Good ideas propagate. Nobody from an AGI org has to read a LessWrong post for any good ideas generated here to reach them. Although they definitely do read Alignment Forum posts and often LessWrong posts. Check out the Alignment Forum FAQ to understand its relationship to LW.

LessWrong and AF also provide something that journals do not: public discussion that includes both expert and outside contributions. This is lacking in other academic forums. After spending a long time in cognitive neuroscience, it looked to me like intellectual progress was severaly hampered by people communicating rarely, and in cliques. Labs each had their own viewpoint that was pretty biased and limited, and cross-lab communication was rare, but extremely valuable when it happened. So I think the existence of a common forum is extremely valuable for making rapid progress.
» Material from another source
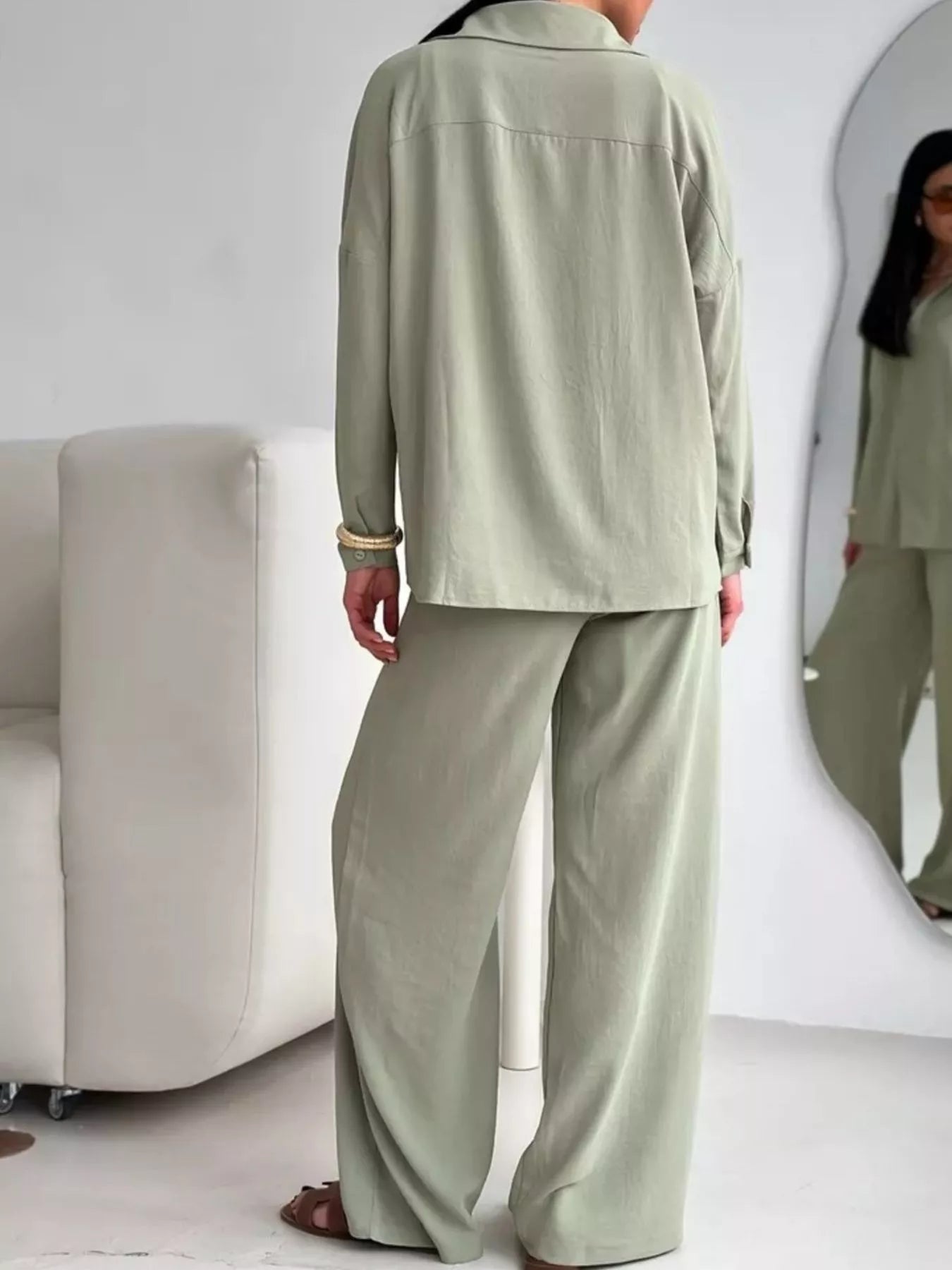 Button Down Shirt and Pants Set OutfitFlow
There are specialized filters for LW by tag. If you're not interested in AI, you can turn that topic down as far as you want.

Ah okay, thanks. I wasn't aware of the Alignment Forum, I'll check it out.

I don't disagree that informal forums are valuable. I take Jacque Ellul's belief in Technological Society that science firms held by monopolies tend to have their growth stunted for exactly the reasons you pointed out.

I think it's more that places like LessWrong are susceptible to having the narrative around them warped (referencing the article about Scott Alexander). Though this is slightly off-topic now. 

Lastly, I am interested in AI; I'm just feeling around for what the best way to get into it is. So thanks.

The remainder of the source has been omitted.